In 2015-16, across England and Wales, 62.6 per cent of students in state-funded schools achieved A*-C grades in both GCSE English and GCSE mathematics, a key success indicator for schools. The percentage of students entering further education (FE) colleges the following year with both A*-C grades in GCSE English and GCSE mathematics was 34 per cent. In other words, FE colleges pick up large numbers of students from local schools who achieved less well than their peers; the ones who stay in sixth form and take A-levels.
It is a role FE colleges play that is largely unacknowledged by government and the media. Students typically stay at college for two years, during which time it is expected that they are transformed, on mass, into the skilled workforce the country is crying out for.
What the Government says it wants from its further education sector is that it produces the skilled workforce the country needs to compete in a global marketplace. What the Government really wants, is that FE colleges pick up the students who get the least from the school system when they are 16.
The dilemma is deeply embedded in the way UK education works.

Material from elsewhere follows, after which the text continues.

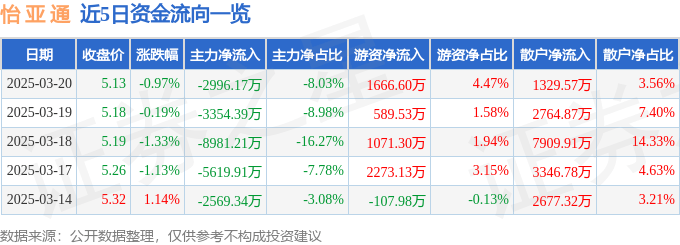 股票行情快报：怡亚通（002183）3月20日主力资金净卖出2996.17万元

School teachers are university graduates; people who have benefitted from the school system as it is, the large majority of whom did well in their GCSEs, completed A-levels, and went on to university, before taking a Postgraduate Certificate in Education (PGCE) and entering the teaching profession as primary or secondary school teachers.
As a body of people, school teachers simply have little or no experience or knowledge of 16-18 vocational education.
When advising their Year 11 students, school teachers err on the side of the path that served them and their peers well; the academic route of A-levels and university. Add to this that schools have a captive Year 11 audience as potential A-level students for their own sixth forms, and it is easy to see why Year 11 students across the country have rarely received full and impartial information and advice about vocational education and training as a potential progression route when they finish Year 11.
Schools are aware though that some students would struggle with A-levels, and won’t do well enough in their GCSEs to get onto an A-level programme. It is these students that schools direct to their local college. The students themselves validate the system by duly making their way down to their local FE college. But then, what else are they to do?
The issue of skills gaps in the UK workforce may present itself as an economic and political problem. It is in fact a social problem. Most people in government and the media aren’t looking for the change they talk about.
Incentives to employers, colleges and their students to try and bridge the gap between the skills levels FE students achieve by the time they leave college, and what the Government believes UK industry needs to succeed, will not result in a sufficient narrowing of the skills gap UK industry is currently experiencing. Much more needs to be done in the school system, in the way vocational education and training is represented to school students before they finish Year 11.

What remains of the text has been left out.